For more information, visit the Australian Human Rights Commission website.

Professor Juanita Sherwood and Dr Gabrielle Russell-Mundine.

L-R: Dr Gabrielle Russell-Mundine, Craig Ritchie, CEO of Australian Institute of Aboriginal and Torres Strait Islander Studies (AIATSIS), Dr Tim Soutphommasane, Race Discrimination Commissioner, Professor Juanita Sherwood.

Professor Juanita Sherwood presenting.

NAIDOC Week 2018 Breakfast Panel: Monday 9 July, 9AM

Friday 15 June 2018

The National Centre for Cultural Competence is proud to be celebrate NAIDOC Week 2018 on 8-15 July.

Join us as we kick-off NAIDOC week with a breakfast and panel discussion that celebrates the stories of some incredible Aboriginal women and who have fought for and supported Aboriginal communities.


Date: Monday 9 July 2018
Time: 9:00AM – 11:00AM
Where: Old School House Cadigal Green, University of Sydney, Camperdown campus

Learn more about the panelists and register now.

NAIDOC Week 2018 MOOC Panel: Thursday 12 July, 5:30PM

Friday 15 June 2018

The National Centre for Cultural Competence (NCCC) invites you to be part of NAIDOC Week 2018 as we host a panel discussion on the Massive Open Online Course (MOOC), Cultural Competence - Aboriginal Sydney.

At the heart of Cultural Competence – Aboriginal Sydney is the fact that Sydney always was and always will be Aboriginal Land, yet despite this often the Aboriginal presence, past and present, is invisible to non-Indigenous people.
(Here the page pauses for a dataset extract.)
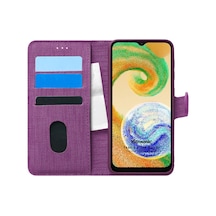 Samsung Galaxy A04 İçin Kılıf Fabric Book Wallet Mor Galaxy A04 İle Uyumlu Kılıf - Mor Çok Renkli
The Aboriginal Sydney MOOC aims to rectify that by sharing stories and experiences of Sydney from Aboriginal perspectives.

This year’s NAIDOC week theme is Because of her, we can!, which celebrates the essential role that women have played – and continue to play – as active and significant role models at the community, local, state and national levels.

The discussion will celebrate Aboriginal and Torres Strait Islander women and panel members will discuss the theme in relation to their understanding of Aboriginal land, cultures, identities and history.


Date: Thursday 12 July 2018
Time: 5:30PM – 7:00PM
Where: Seminar Room 218, Fisher Library, University of Sydney, Camperdown campus

Learn more about the panelists and register now.

Keynote videos now available from Cultural Competence Conference 2018

Friday 8 June 2018

The National Centre for Cultural Competence (NCCC) would like extend our gratitude and thanks to all keynote speakers, presenters, delegates, guests, our partner, Congress of Aboriginal and Torres Strait Islander Nurses and Midwives (CATSINaM), and Elders and members of Aboriginal and Torres Strait Islander Communities in supporting Cultural Competence and the Higher Education Sector: Dilemmas, Policies and Practice Conference for 2018.

All videos of keynote presentations are now available to watch on the Conference website.

Alternatively, you can watch the full NCCC Conference 2018 playlist on our YouTube channel.

Interview: Professor Jean Lau Chin on global and diverse leadership

Thursday 7 June 2018

Fulbright Distinguished Chair in Cultural Competence, Professor Jean Lau Chin recently spoke to International House, University of Sydney on what global and diverse leadership can look like, what makes an effective leader, the importance of recognising and valuing differences, and her advice for emerging leaders.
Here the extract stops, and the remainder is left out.